Put plainly: Dogen refuses the spiritual bypass. He will not let you dodge saṃsara by metaphysical denial, and he will not let you dodge nirvana by metaphysical distance.
When you hold those two together, Buddhist cosmology begins to look less like a museum of ancient beliefs and more like a living mirror. Heaven and hell are not merely “places after death,” and they are not merely “symbols in the mind.” They are the ways worlds form—through causes, conditions, and actions—across time scales we can’t fully measure, including the scale of a single afternoon and, if you accept classical rebirth, the scale of many lifetimes.
This is also why cosmology matters ethically. If realms are merely “myth,” it becomes easy to treat karma as moral metaphor rather than moral law. If realms are treated as nothing but literal geography, it becomes easy to turn practice into fear-management: “How do I avoid punishment and get reward?” The dharma is trying to save us from both distortions. The early texts use stark imagery to wake us up to the gravity of actions. Zen uses intimate immediacy to wake us up to the present-moment construction of worlds. Neither is meant to be merely “interesting.”
If we’re honest, most of us already know these realms without believing in them. We’ve visited hell in a season of rage or grief. We’ve tasted hungry ghost in an addiction to approval, pleasure, or certainty. We’ve lived as an asura when we couldn’t stop measuring our worth against someone else’s. We’ve known the dull heaviness of the animal realm when life becomes nothing but survival and routine. We’ve also known the subtle trap of heaven—not only joy, but the kind of ease that makes us careless, the kind of comfort that whispers, “You don’t need to practice right now.”
And we’ve known the human realm: the fragile, precious place where suffering is real enough to motivate us, and clarity is possible enough to free us. In classical cosmology, that balance is one reason human birth is considered uniquely valuable for awakening.
So what do we do with all of this in contemporary Zen?
One honest approach is humility. We admit what we can know directly and what we can’t.
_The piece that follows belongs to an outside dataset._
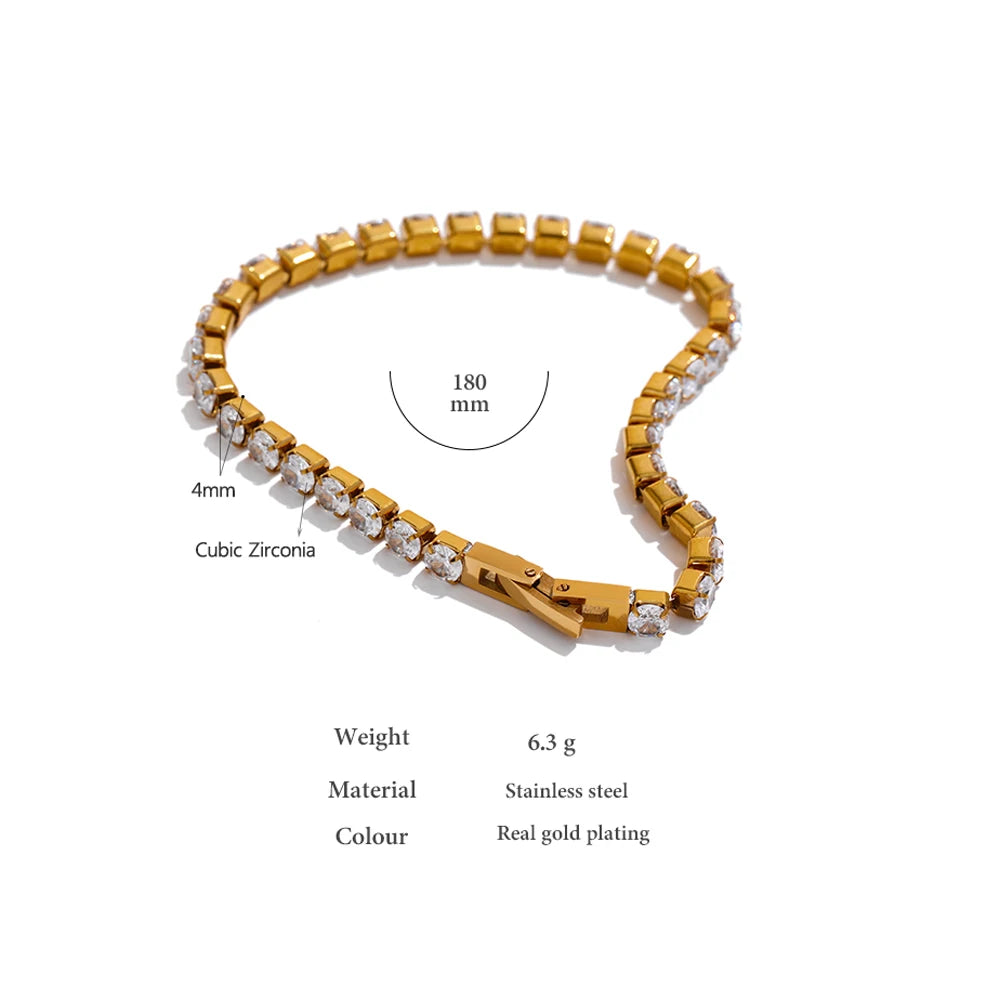 Raina Bracelet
We acknowledge that the tradition is not embarrassed to speak of rebirth and multiple realms, and that many practitioners across cultures and centuries have taken these teachings as literal features of saṃsara. We also acknowledge that Zen’s great gift is to turn cosmology into practice: to show us that the wheel is not only a future concern but a present activity.
Then we practice in a way that doesn’t require brittle certainty. You don’t have to force belief as a badge of membership, and you don’t have to force disbelief as a badge of sophistication. The question is not “What position do I hold?” but “What view leads to liberation and compassion?” Dogen’s answer, in effect, is: do not deny cause and effect, and do not seek nirvana outside life. If you can live inside those two vows—ethical responsibility and present-moment intimacy—cosmology stops being an argument and becomes a teacher.
A final word: be careful what you do with “symbolic.” Sometimes people say “it’s symbolic” when what they mean is “it doesn’t matter.” But symbols in Buddhism are not decorations; they are skillful means. They are meant to move the heart, shape conduct, and orient the mind toward freedom. The Devadūta imagery is not there to entertain; it is there to wake us up. The Zen insistence that “hell is here” is not there to dismiss the old teachings; it is there to prevent us from postponing our life.
And if you ever feel lost in the metaphysics, Dōgen gives a simple place to stand: don’t look away from your life, and don’t lie about cause and effect. Practice like your actions matter—because they do. Practice like this moment is the gate—because it is.